Transcribe exactly the lines from the one containing "view of front" through the end of the data, both included. Leave out pictures.

┌────────

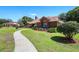 Brick home with manicured landscaping, lush lawn and inviting walkway at 585 Summerhaven Dr, Debary, FL 32713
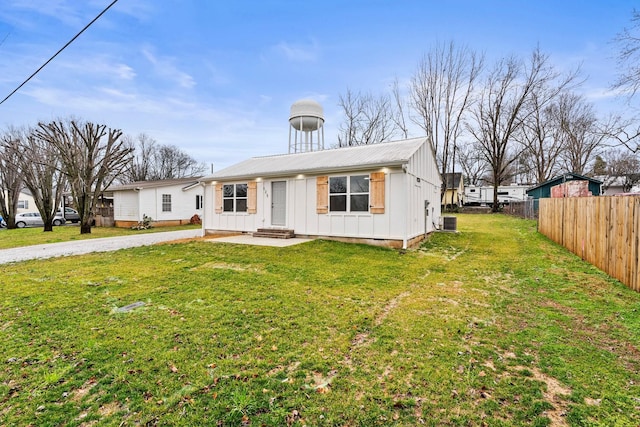 view of front of home with central AC unit, metal roof, fence, board and batten siding, and a front yard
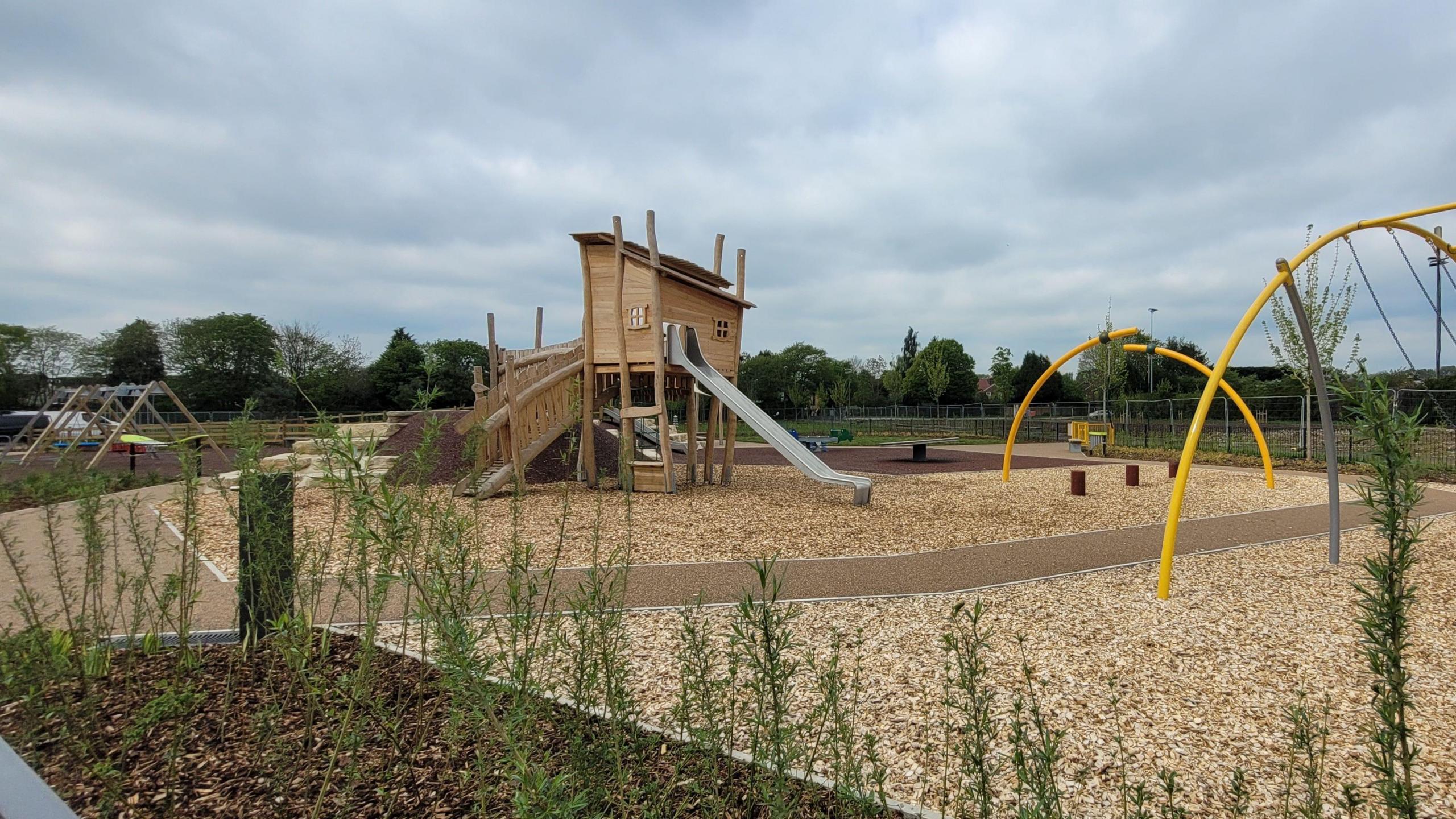 A wooden play area with a slope leading up to one side of a building on long legs and a metal slide coming out another side. The floor is woodchipped and there are yellow metal bar structures with swings on them.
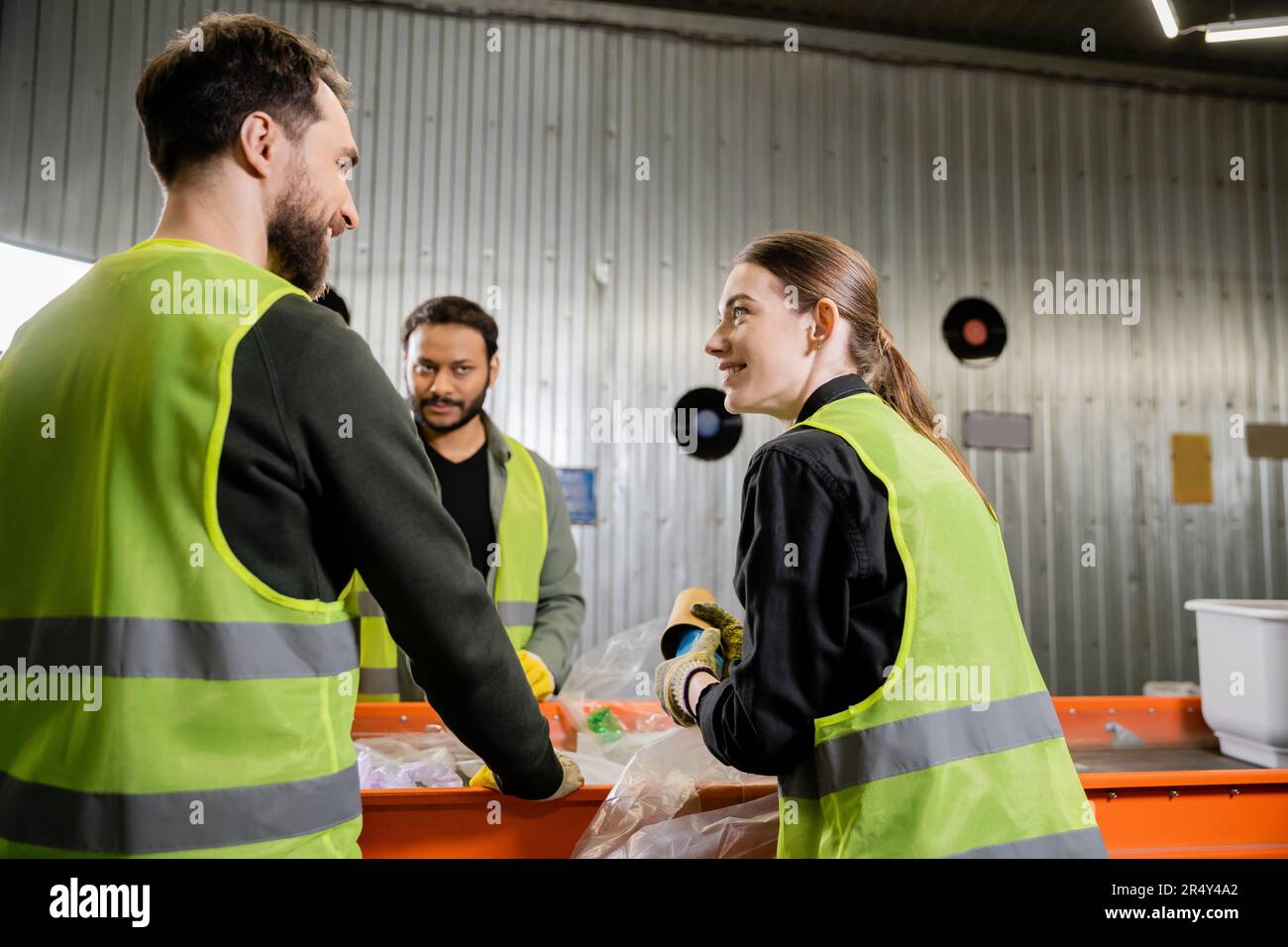 Smiling woman in protective uniform and gloves holding garbage and talking to interracial colleagues while working together near conveyor in waste dis Stock Photo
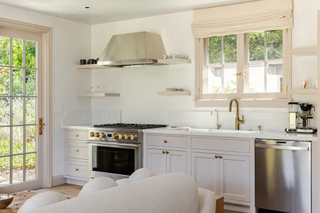 A small kitchen with white cabinetry and a stainless steel range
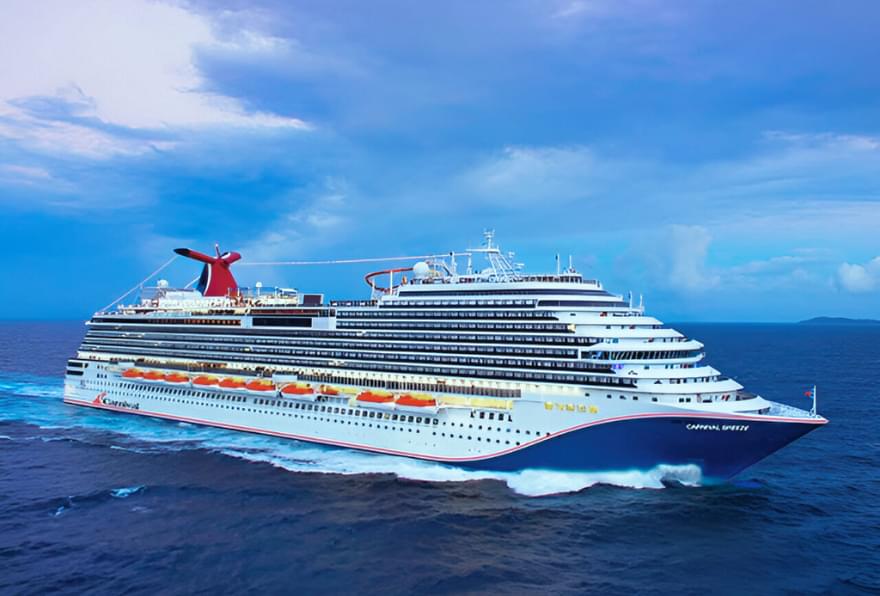 Carnival Cruise ship near the island, perfect for planning grand Cayman excursions for carnival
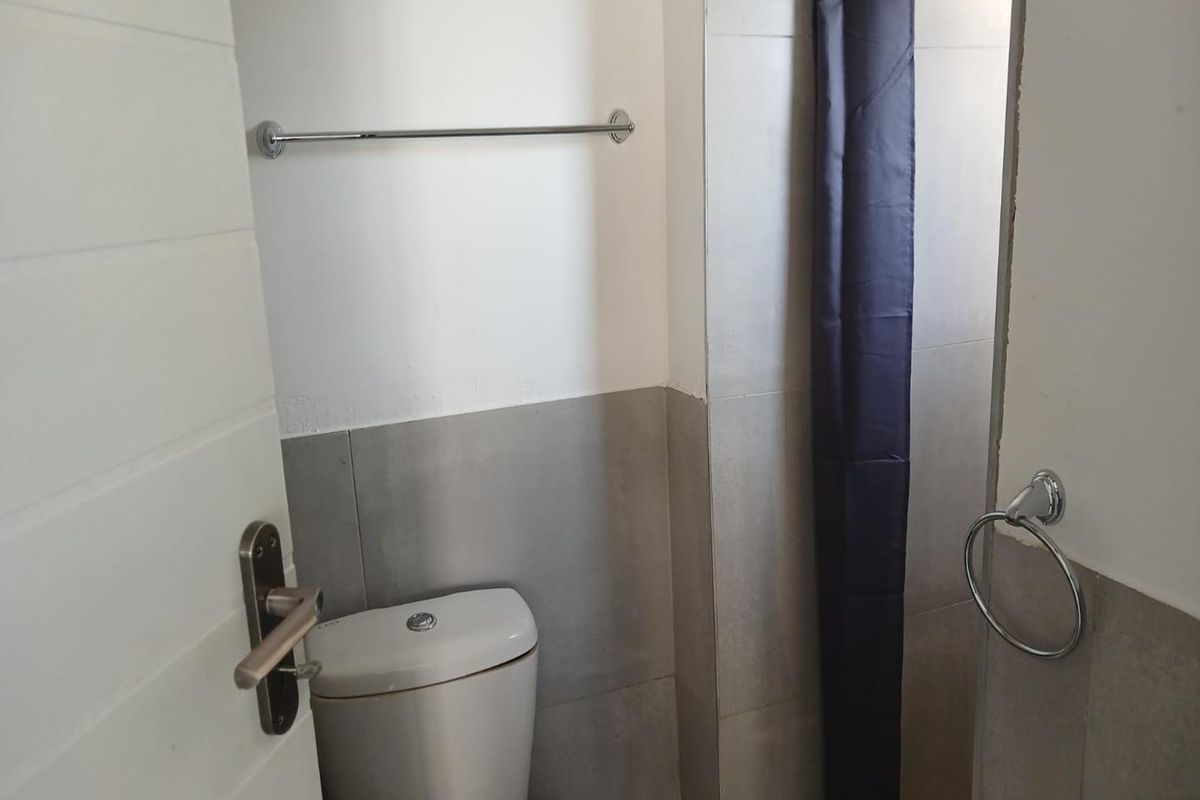 A compact bathroom featuring neutral wall tiling, a standard toilet, and chrome bathroom accessories.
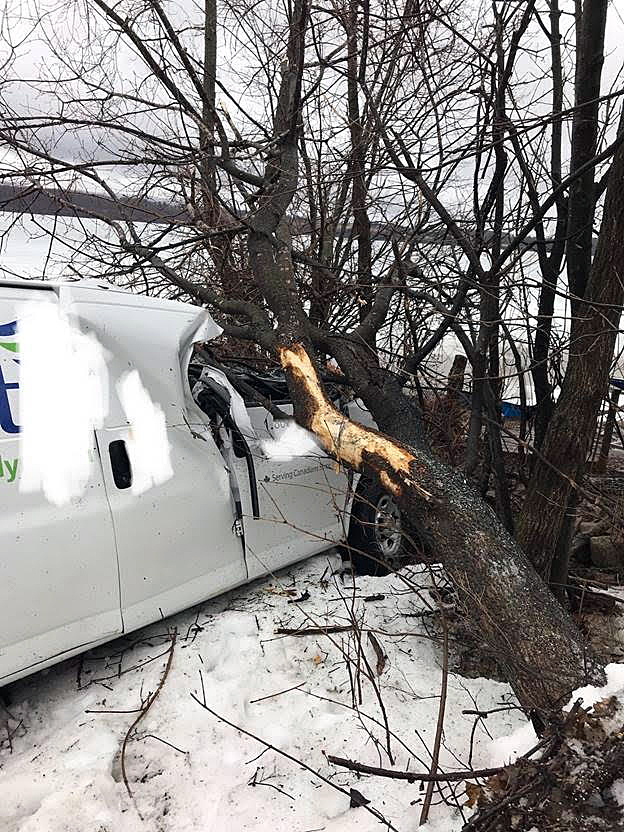 This van rolled several times before coming to rest against some trees near the Ottawa River this morning. Courtesy OFS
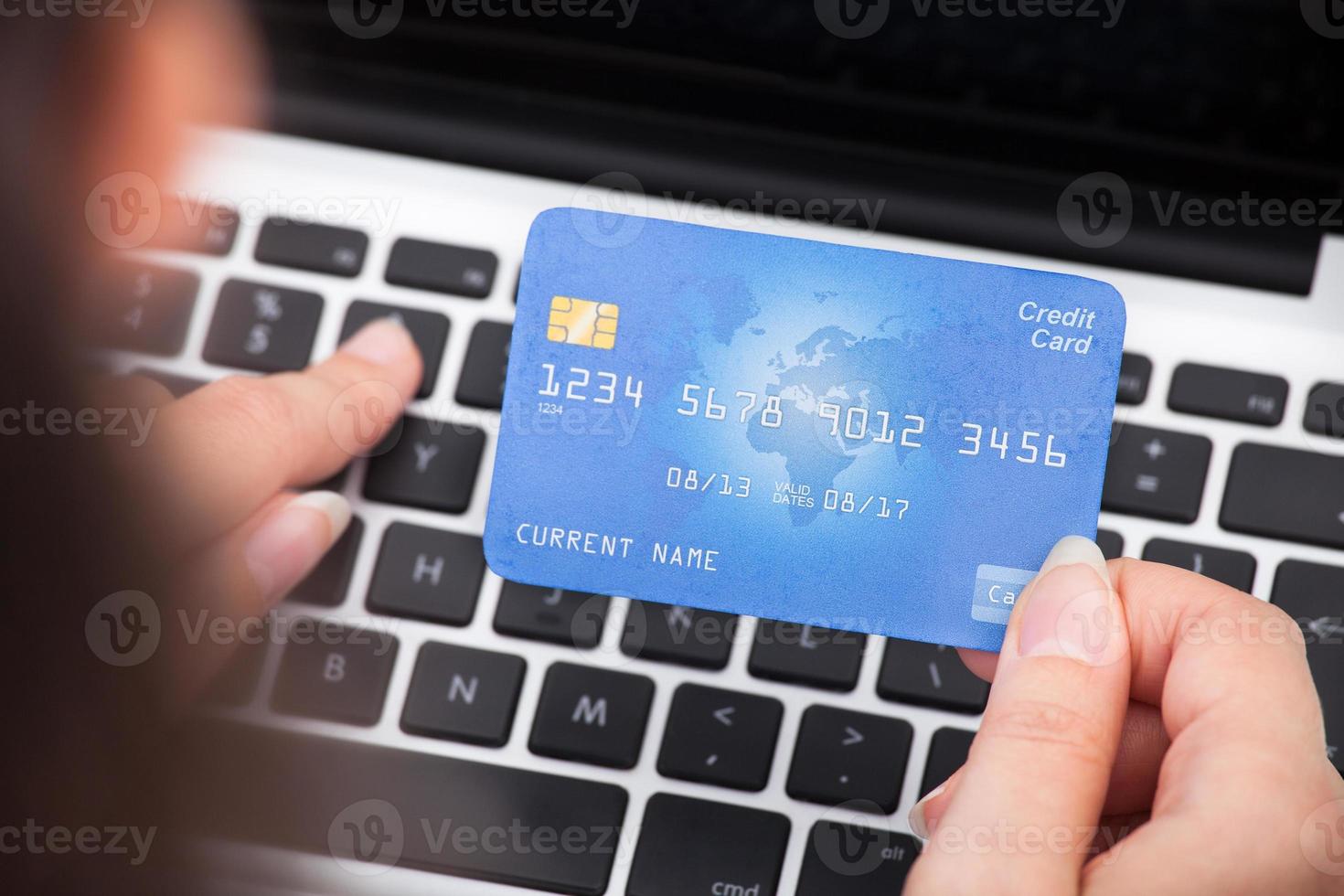 Person Holding Credit Card Using Laptop photo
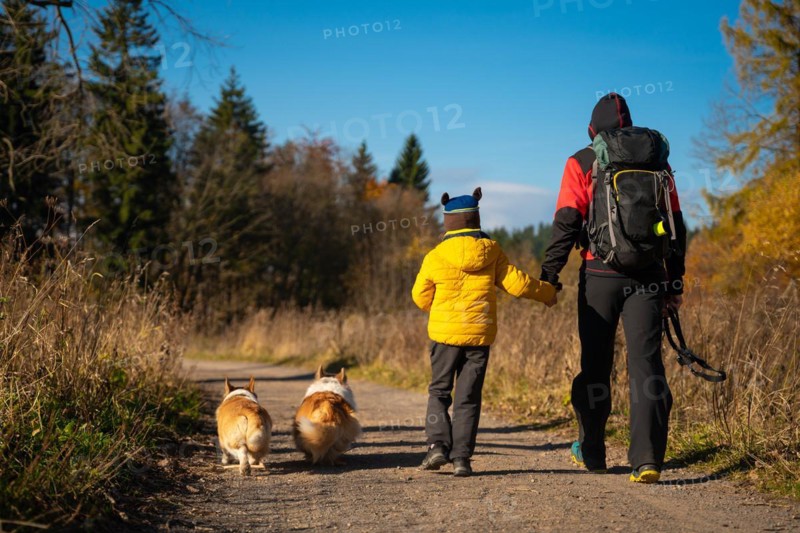 Mum and child are walking along the mountain hiking trail. Family spending time. Polish mountains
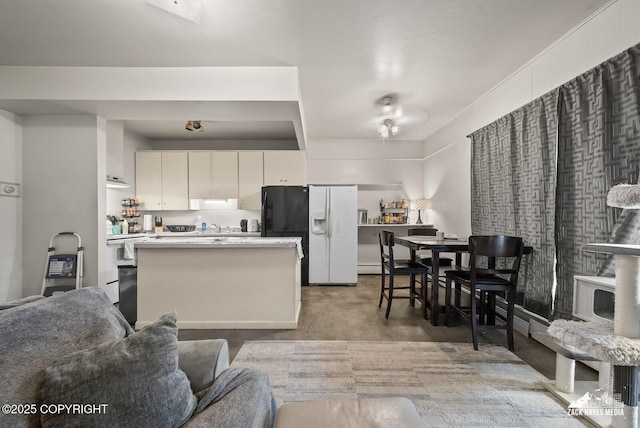 4116 W 88th Ave, Anchorage, AK 99502 - living room with concrete floors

└────────

▶ _Written response_:
 view of front of home with central AC unit, metal roof, fence, board and batten siding, and a front yard
 A wooden play area with a slope leading up to one side of a building on long legs and a metal slide coming out another side. The floor is woodchipped and there are yellow metal bar structures with swings on them.
 Smiling woman in protective uniform and gloves holding garbage and talking to interracial colleagues while working together near conveyor in waste dis Stock Photo
 A small kitchen with white cabinetry and a stainless steel range
 Carnival Cruise ship near the island, perfect for planning grand Cayman excursions for carnival
 A compact bathroom featuring neutral wall tiling, a standard toilet, and chrome bathroom accessories.
 This van rolled several times before coming to rest against some trees near the Ottawa River this morning. Courtesy OFS
 Person Holding Credit Card Using Laptop photo
 Mum and child are walking along the mountain hiking trail. Family spending time. Polish mountains
 4116 W 88th Ave, Anchorage, AK 99502 - living room with concrete floors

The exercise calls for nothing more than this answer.